The most significant changes to Child Custody laws in the last thirty years.

Substantial changes have been made to the practice of child custody laws in this country by the introduction of the Family Law (Shared Parental Responsibility) Act. (1st July 2006)

Some spokespeople in the media have incorrectly referred to these changes as representing “mandatory shared parenting“, implying that children would be forced into shared care, no matter the circumstances.

Others have suggested that children would be forced into seeing abusive or violent parents. In fact nothing could be further from the truth. 

These laws have stronger domestic violence and child protection measures than any other previous version of the family law act, and before making any orders for shared care Judges and Federal Magistrates must be convinced that the child will not be exposed to any risk.

As the recent statistics from the Family Court suggest, getting any form of shared care is the least likely outcome for most fathers, denials of which invariably result from some allegation or history of abuse. However many vested interest groups have seen fit to misrepresent these laws as promoting child abuse and domestic violence, and yet all the available evidence suggests that it has in fact done the exact opposite.

Nevertheless, these changes do herald in a new era whereby the importance of both parents being involved in the day to day lives of their children is recognised, at least in the legislation, and the previous presumption of sole care as the default post separation parental arrangement has been relegated to a less prominent and less certain position, the extent of which only time will tell.

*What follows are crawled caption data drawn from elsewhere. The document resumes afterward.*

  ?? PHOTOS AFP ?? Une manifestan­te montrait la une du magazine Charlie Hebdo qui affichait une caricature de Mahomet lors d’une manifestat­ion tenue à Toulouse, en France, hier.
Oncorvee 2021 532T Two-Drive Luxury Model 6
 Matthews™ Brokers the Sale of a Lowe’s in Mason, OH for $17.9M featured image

What does this mean: Whereas in the past the overwhelming majority of child custody disputes ended in a sole custody outcome, shared care outcomes are now growing in prominence, both through court orders and through private arrangements. See the recent shared care statistics released by the Family Court.

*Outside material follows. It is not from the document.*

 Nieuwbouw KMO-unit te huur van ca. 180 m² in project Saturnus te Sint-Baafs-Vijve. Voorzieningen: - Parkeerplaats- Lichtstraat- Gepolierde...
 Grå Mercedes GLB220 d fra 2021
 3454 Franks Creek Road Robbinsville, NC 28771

Presumption of equal shared parental responsibility

These new amendments introduce into court proceedings a presumption of equal shared parental responsibility. In simple terms, this creates a starting point whereby both parents are considered to share equally the responsibilities and obligations of important decisions relating to the child/ren. 

The equal sharing of parental responsibility essentially creates an obligation on both parents to consult with each other and reach agreement on long term issues to do with the child. Some of the issues that are considered to comprise the long term welfare of the child include: 

  • Education (particularly the school a child will attend)
  • Religious upbringing
  • The child’s name
  • Health decisions
  • Any change to a child’s living arrangement,s particularly if this would impact on the child’s relationship or ability to spend time with either parent.

What does this mean: As a default, both parents are equally obligated and collectively responsible to participate and determine issues relating to the child’s long term welfare. The term “equal” was an important addition to this section and added specifically to undermine the notion that one parent had a greater right or responsibility in these matters than the other.

Equal shared parental responsibility can be rebutted (removed)

However, this presumption DOES NOT apply when there are reasonable grounds to believe that a parent has engaged in:- 

  • Abuse of the child or another child who was a member of the parent’s family; or
  • Family violence; or
  • If there is evidence that satisfies the Court that it would not be in the best interests of the child for the parents to have equal shared parental responsibility (Section 61DA)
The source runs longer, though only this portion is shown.